Regarded from our point of view the Confucian ideal of moral character has serious limitations and defects. First, it omits practically all duties to God. In the words of Dr. Legge, “man’s duty to God is left to take care of itself.” God or Heaven was a subject of which Confucius seldom spoke, and the Chinese have in this matter followed the example of the Master. Heaven is not in all their thoughts.
If we recall what an influence the conception of a supreme being as Creator and Father has exerted upon the morality of all the races that have accepted as their creed the ethical monotheism of the Hebrew teachers, we shall realize how fundamentally the Chinese ideal of excellence has been modified by the omission of all those duties which have entered into our own moral code as duties owed to God.[180]
Second, while laying such stress upon the duties of children to their parents, Confucianism is almost silent regarding the duty of parents to their children. At this point there is a wide divergence between the Christian and the Chinese conception of duty. Commenting upon this matter, Dr.
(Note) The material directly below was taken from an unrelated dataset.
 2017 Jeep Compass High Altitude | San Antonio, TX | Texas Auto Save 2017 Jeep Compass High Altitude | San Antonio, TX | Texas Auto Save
Legge says: “I never quoted in a circle of Chinese friends the words of Paul in Corinthians—‘The children ought not to lay up for the parents, but the parents for the children’—without their encountering a storm of opposition. When I tried to show that the sentiment was favorable to the progress of society, and would enable each generation to start from a higher standpoint, I found it difficult to obtain a hearing.”[181]
The effects of the family ethics of Confucianism upon the moral practice of the Chinese in the domestic sphere will be noted in the following division of this chapter.
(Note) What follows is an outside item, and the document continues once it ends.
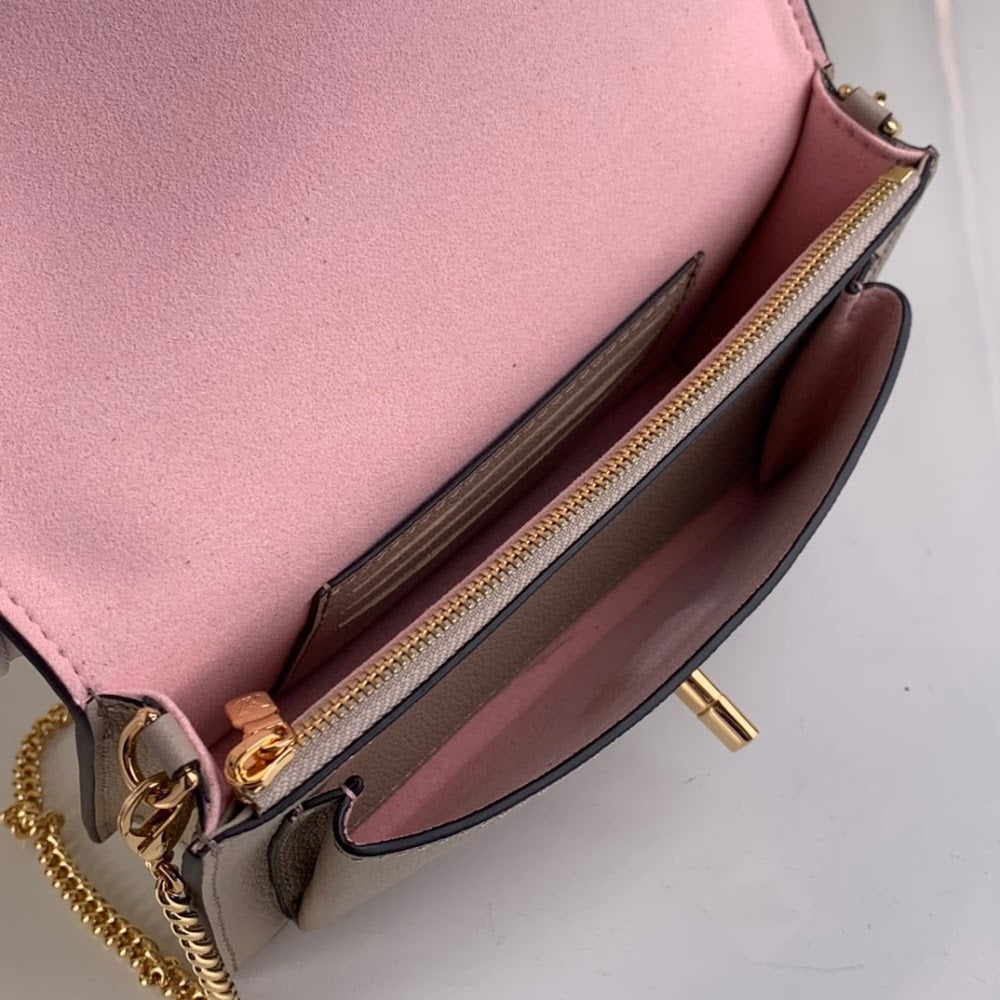 Dragons Bags ln Luxury Bag --56373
III. Effects of the Ideal upon Chinese Life and History
Degree of accordance between theory and practice; mandarin morality
No people have ever lived up to their ideal of moral excellence. The Chinese like others have obviously fallen far short of embodying in actual practice the high standard of their sages. But it is certainly a gross misjudgment of Chinese morality to say, as some writers on things Chinese have said, that the ideal and the standard maintained are wholly disconnected.[182] This depreciatory opinion, however, admits of little dispute if its application be confined to the mandarin class. In public or official morality there is a deplorable divergence between theory and practice. Probably the Chinese official class, in spite of the stress which is laid by moralists upon the duties of magistrates and rulers, is the most corrupt in the world. Peculation in office is universal. Bribery is as rife as it was in Rome under the later Republic. Justice is almost universally bought and sold. This very general lack of integrity in office is attributable in part at least to the inadequate salaries. This inevitably calls into existence a system of fees and presents, which as inevitably grows into a system of extortion, oppression, and corruption. But, as a well-informed writer affirms, “Whatever laxity Chinese morality may permit in official relations, from the workingman, the tradesman, and the servant it exacts most scrupulous honesty.”[183] The average man in China, it may be confidently affirmed, is as moral—defining morality as loyalty to an ideal—as the average man in any other country of the world.
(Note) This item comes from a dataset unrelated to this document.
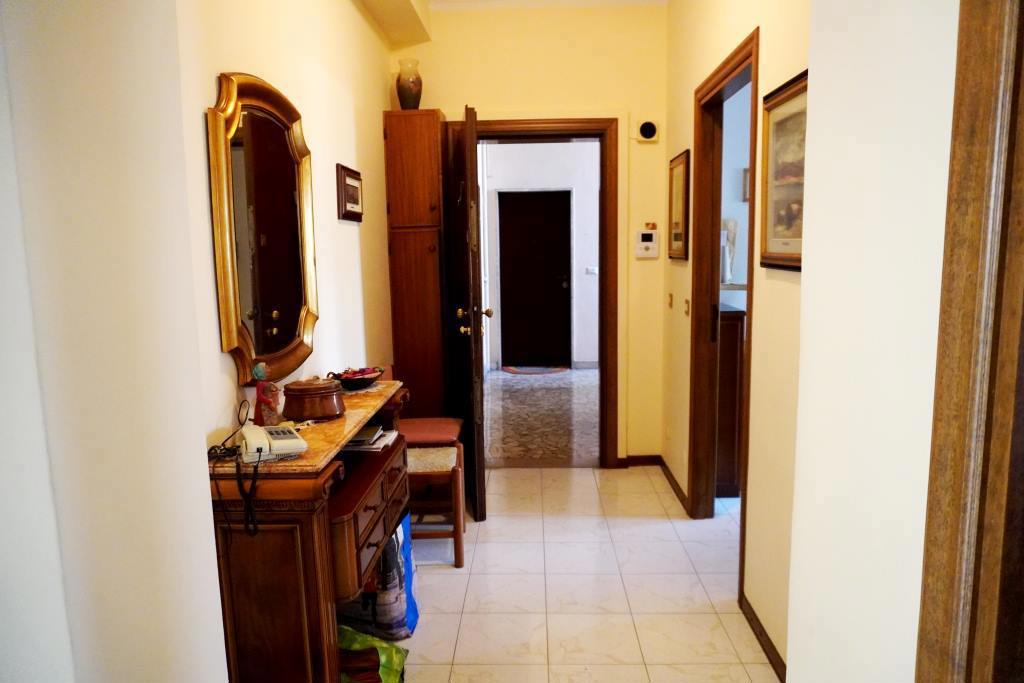 Appartamento - Image 8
Favorable effects of the ideal
But this general loyalty to the ideal, since this has serious defects, has brought it about that the ideal has been an efficient force for evil as well as for good. In some respects it has promoted a true morality, while in others it has marred and cramped the moral life of the Chinese people.
Prominent among the favorable effects of the ideal is its exaltation of the family life. Through the emphasis laid upon special domestic virtues, particularly that of filial piety, the ideal has given the family such a place in the fabric of Chinese society as has probably been given it in no other society ancient or modern, except in that of early Rome. As the family is the connecting link between the generations, and consequently as a true family life must characterize every society that shall live long on the earth, we may without reserve accept that interpretation of Chinese history which finds in the exaltation of filial virtue by the sages of China one secret of that longevity of the Chinese nation which makes it the sole survivor among the nations from the ancient world of culture.